Wednesday, February 26, 2020

12-5-19 Supercomputing: a year in review

This year has been an exciting year in the supercomputing industry as there have been many new developments. Two weeks after the world’s largest conference in the industry, SC19, all the announcements have made it to the internet and opinions have been shared, which makes it the perfect time to highlight the developments of the year.
In my opinion, the top two developments in supercomputing have been two new players in the processor market finally taking a significant share in the industry. The past few years have been dominated by Intel and Nvidia. However, this year two new players began to take some of the glory. AMD and ARM have both designed new processors and seem to be taking a market share from Intel with computing systems on the TOP500 list, a list of the top 500 most powerful computers in the world.
AMD brought products to the market competing with both Intel and Nvidia. The AMD EPYC processors offer a higher memory bandwidth than Intel processors and push the envelope of performance with an average of 30 percent higher performance on supercomputing workloads than Intel. The AMD Radeon Instinct beat Nvidia to the punch, releasing the world’s first PCIe4.0 bases graphics processing units. The increased communication bandwidth coupled with the optimized software stack and virtualization technologies drive higher efficiency and datacenter optimization than current technologies by Nvidia. I would say the biggest obstacle to AMD is the fear of adopting new technologies in research-based workloads.
ARM made its entrance into supercomputing in 2011 as part of the European Mont-Blanc project. ARM had already dominated the mobile market; chances are you have an ARM processor in your pocket right now powering your smart phone. However, making the leap from mobile to the datacenter was a challenging proposition. This year they made a big splash with introduction of a product in partnership with NVIDIA, and various hardware vendors to build GPU-accelerated Arm-based servers. These servers hit the strongest area of the HPC market as a majority of the TOP500 supercomputers are powered primarily by Nvidia GPUs. Coupling the energy efficiency of GPUs and Arm CPUs results in some of the most energy efficient computing platforms available today.
The other big change in supercomputing are the new breakthroughs in machine learning and artificial intelligence. These breakthroughs are redefining scientific methods and enabling exciting opportunities for new architectures. The floodgates are open for new technologies that accelerate the machine learning methods, which are less computationally intensive and more memory intensive. Driven by these breakthroughs, ARM and AMD both bring higher memory performance than we have ever seen before into the market.
The final new technology breakthrough in supercomputing in 2019 was the proof of quantum supremacy, which we have talked about before. It does not mean a lot right now and will probably steal the show in 2030 as the adoption of new technologies in supercomputing seems to move slow.
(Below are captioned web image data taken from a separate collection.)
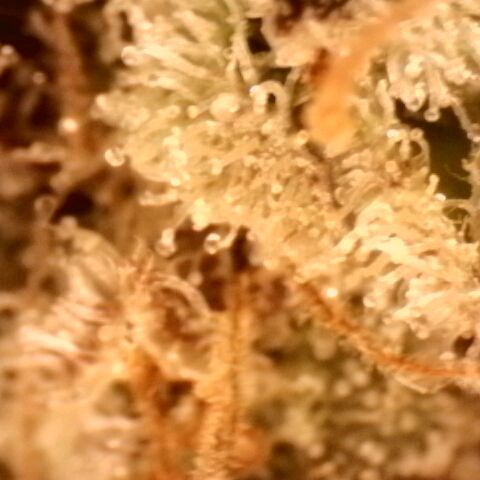 Gorilla Sherbet  growlog timeline photo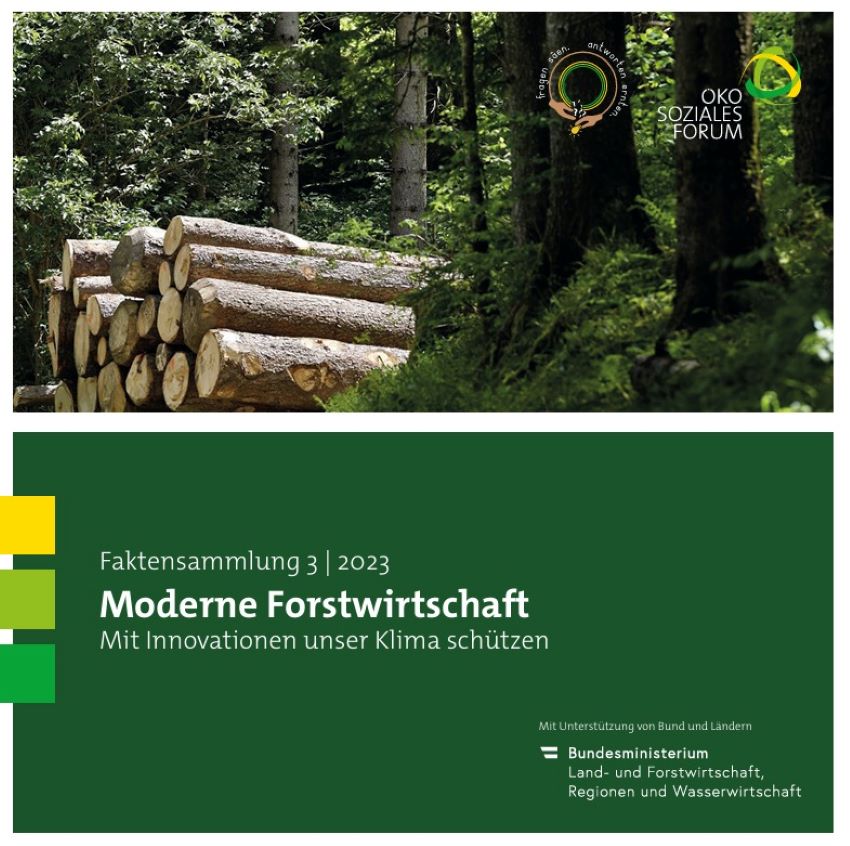 Deckblatt vom Factsheet, ein paar Bäume, Farn und geschlichtete Baumstämme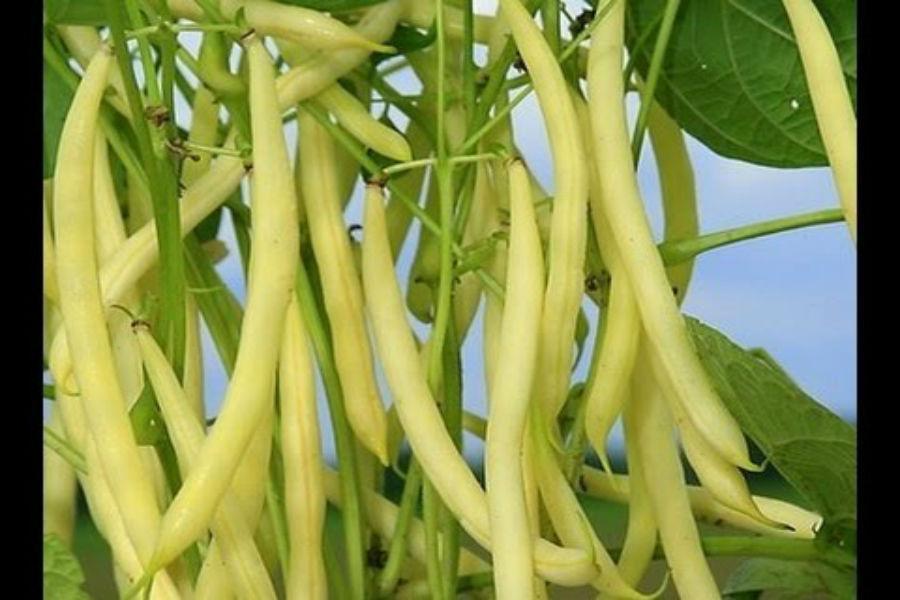 Hạt giống đậu cove lùn vàng 50gr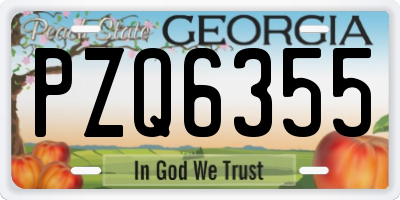GA license plate PZQ6355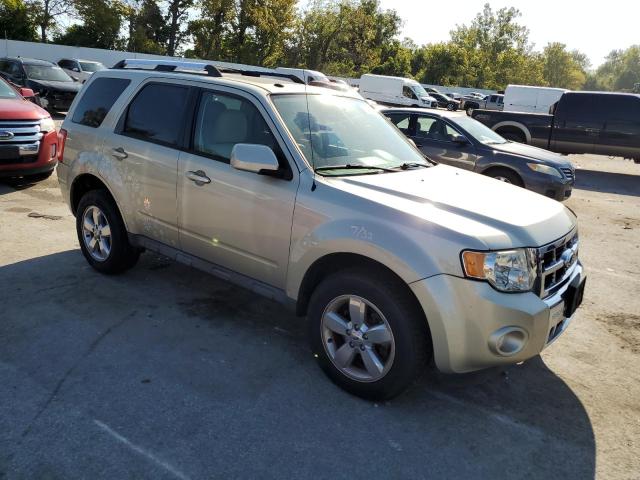 1FMCU0EG7BKC29706 - 2011 FORD ESCAPE LIMITED ოქროსფერი ფოტო 4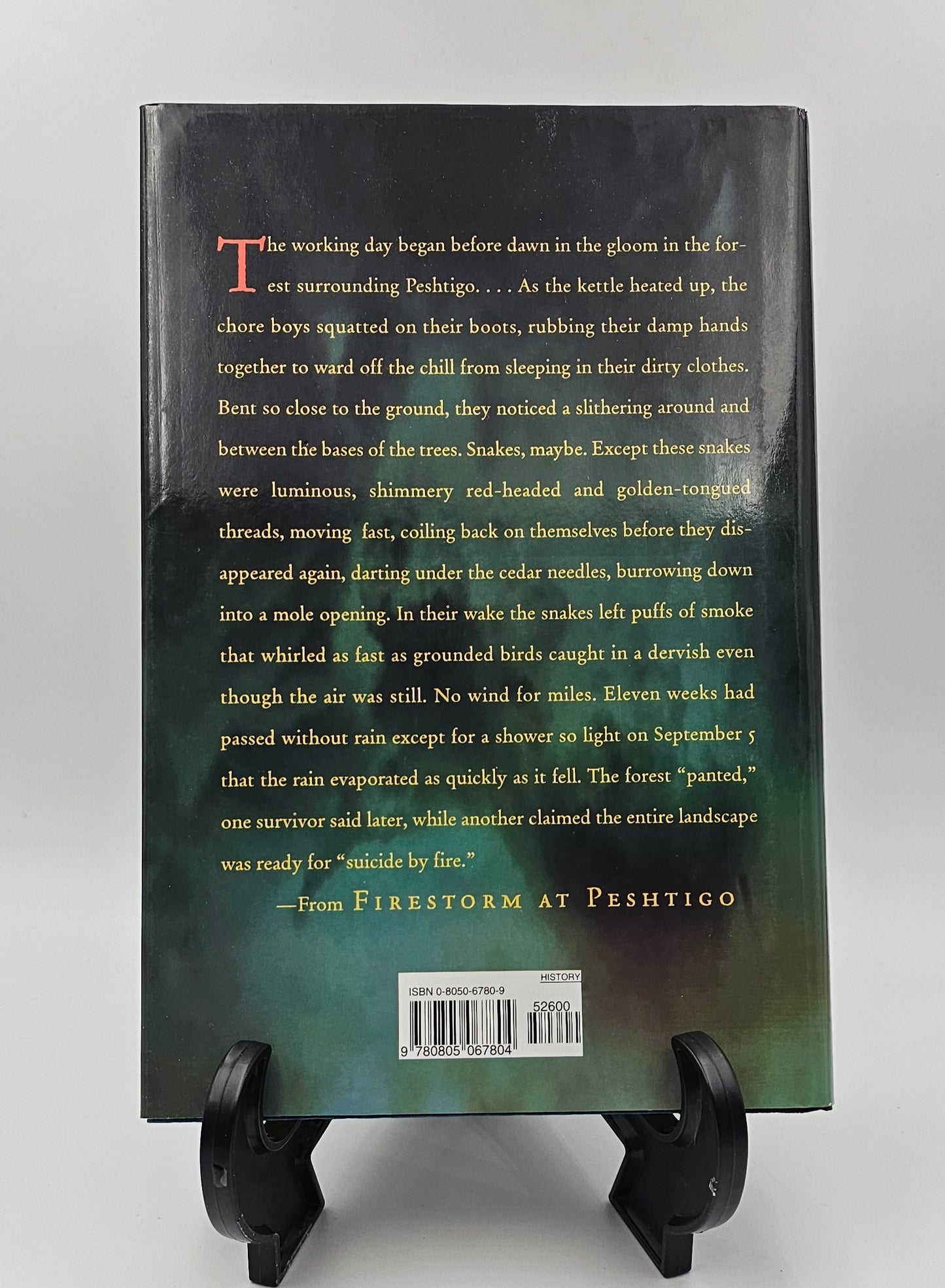 Firestorm at Peshtigo by Denise Gess and William Lutz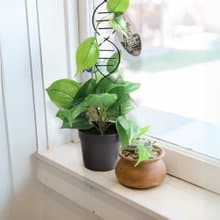 DNA雙股螺旋植物攀爬架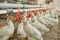 many Chickens poultry in hot stress drink fresh water nipple system in Farm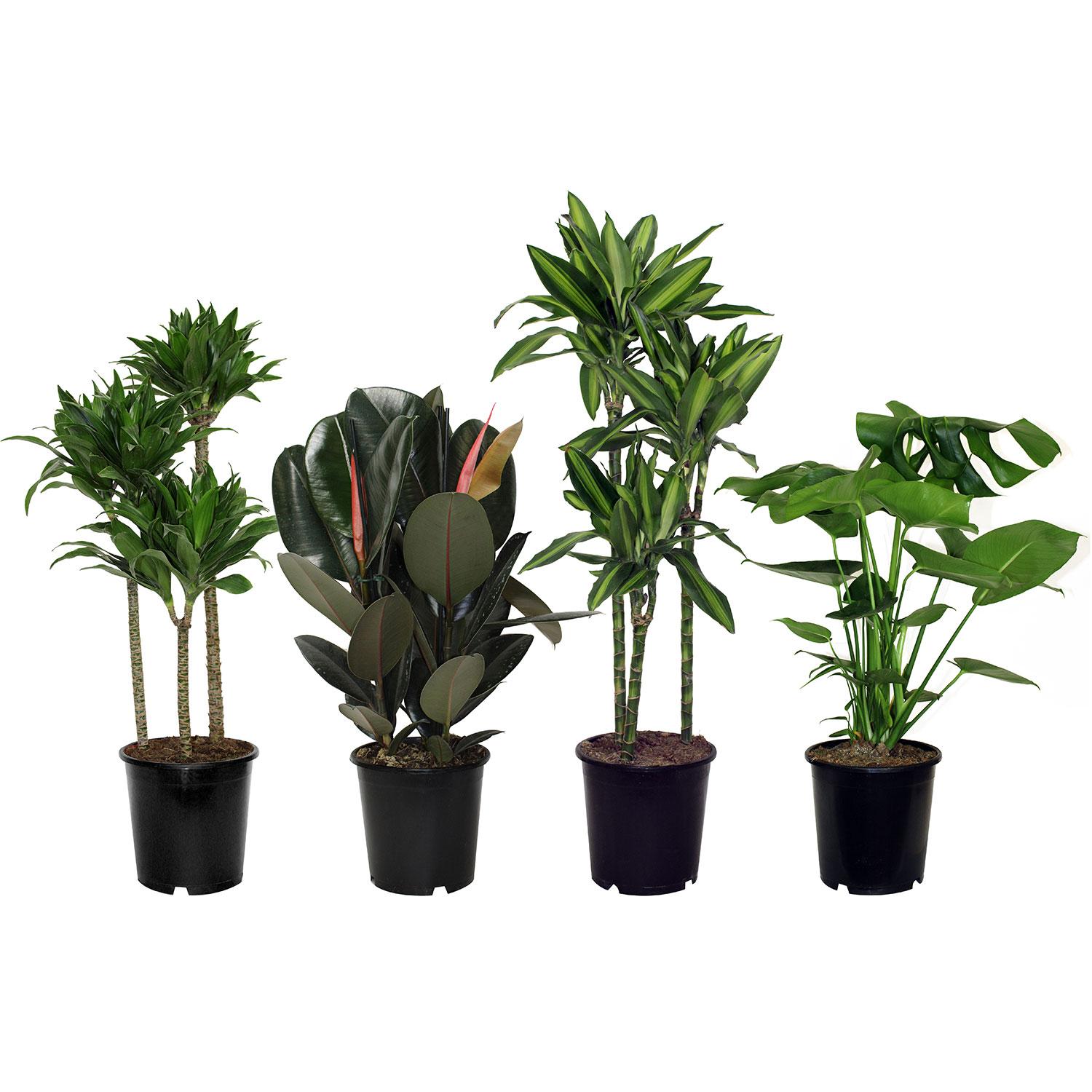 Assortiment tropical suprême 21cm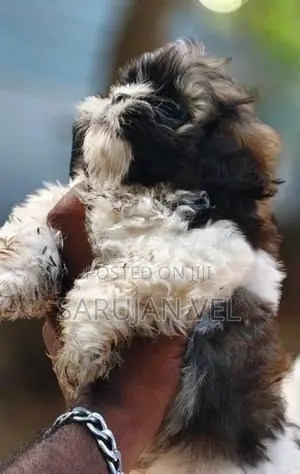 Sizsu Male Puppy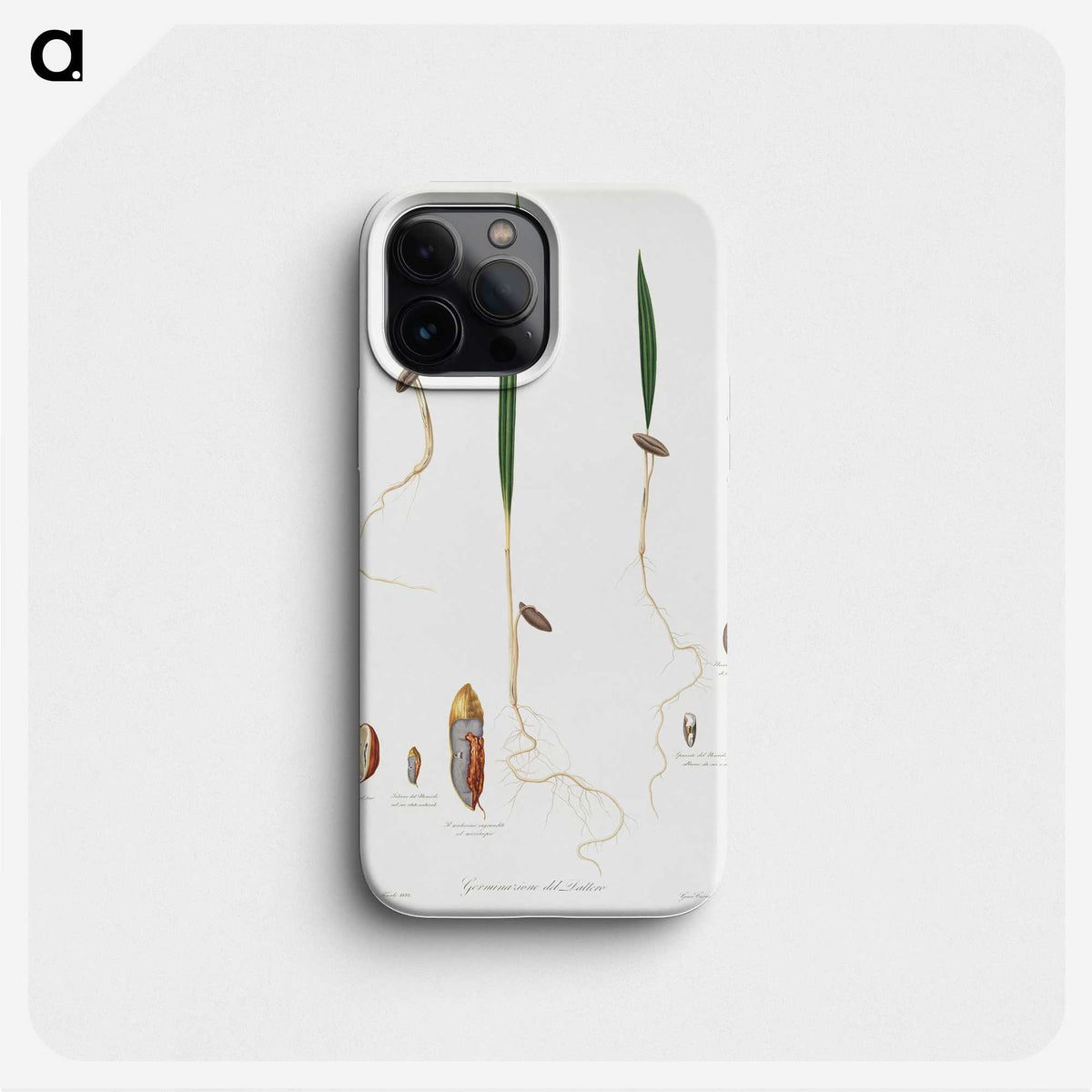 2-55_Pomona-Italiana_phone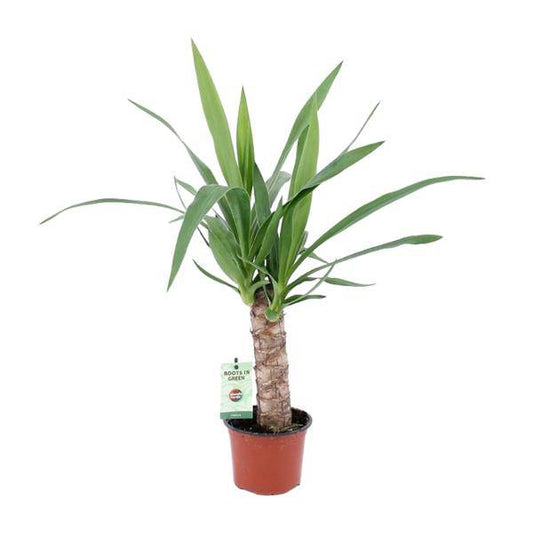 Palmlilie - Yucca - Zimmerpflanze - Ø12cm - ↕50cm 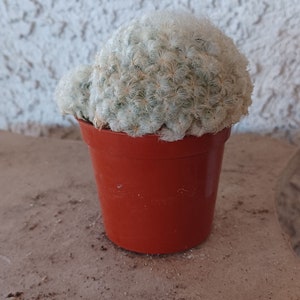 Fuzzy soft cactus plant 2in pot live #7 gift feather mammillaria plumosa feather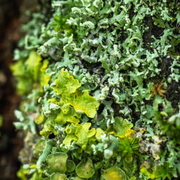 Promenade dans le monde des lichens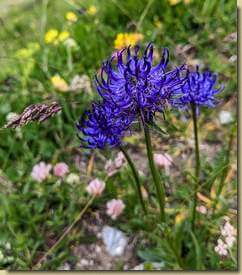 Phyteuma orbiculare...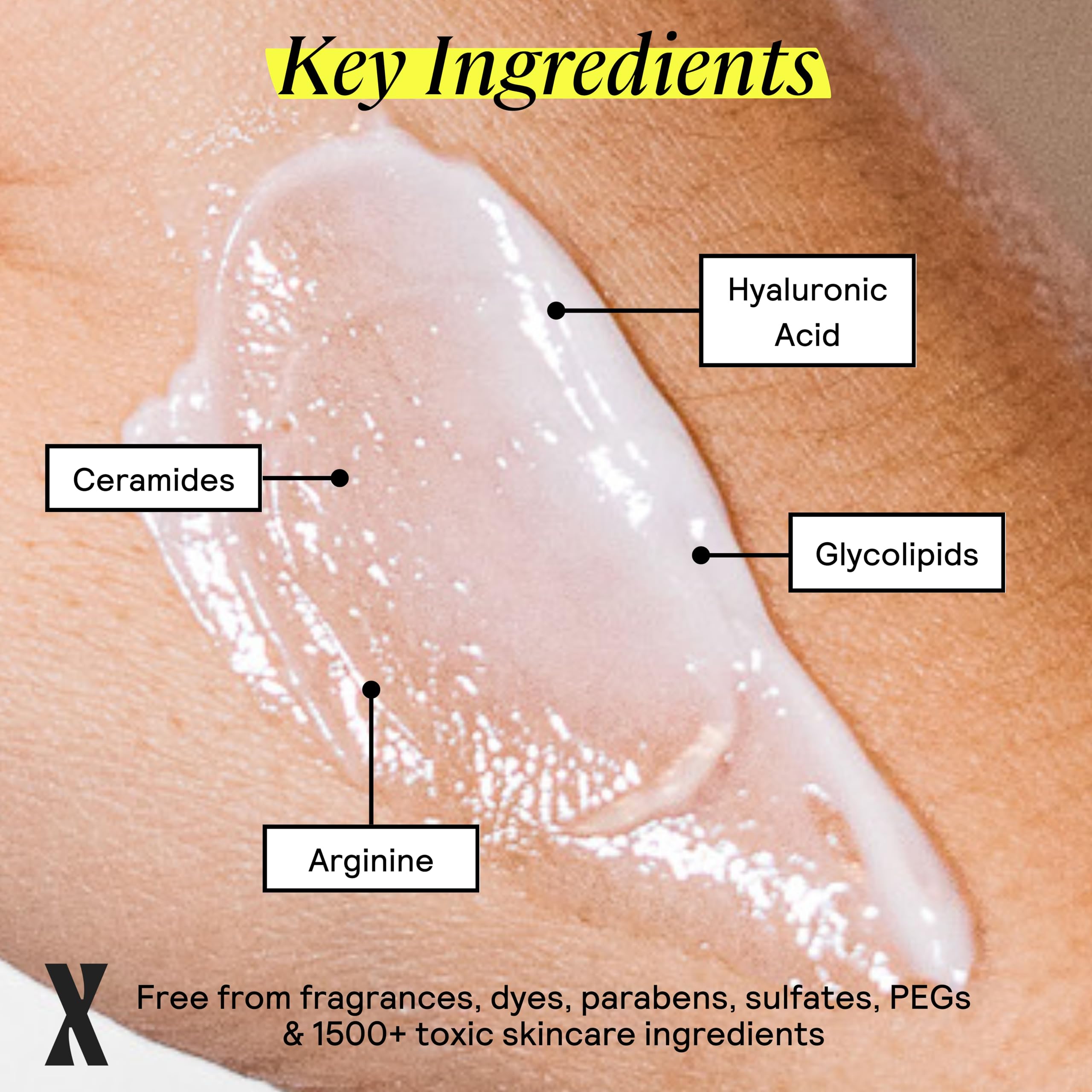 Untoxicated Moisturizing Lotion – Sensitive Skin Daily Moisturizer (Ceramides + Hyaluronic Acid) – Fragrance-Free, Oil-Free, Non-Comedogenic – 10 oz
Why is any of this important to you? Today’s supercomputers are used for weather forecasting, new product development, drug research and scientific modeling. Supercomputers have replaced the laboratory in many industries, reducing the total cost of product development thus reducing the cost of the product. As supercomputing power increases, the cost of consumer goods should decrease and the level of public safety should increase.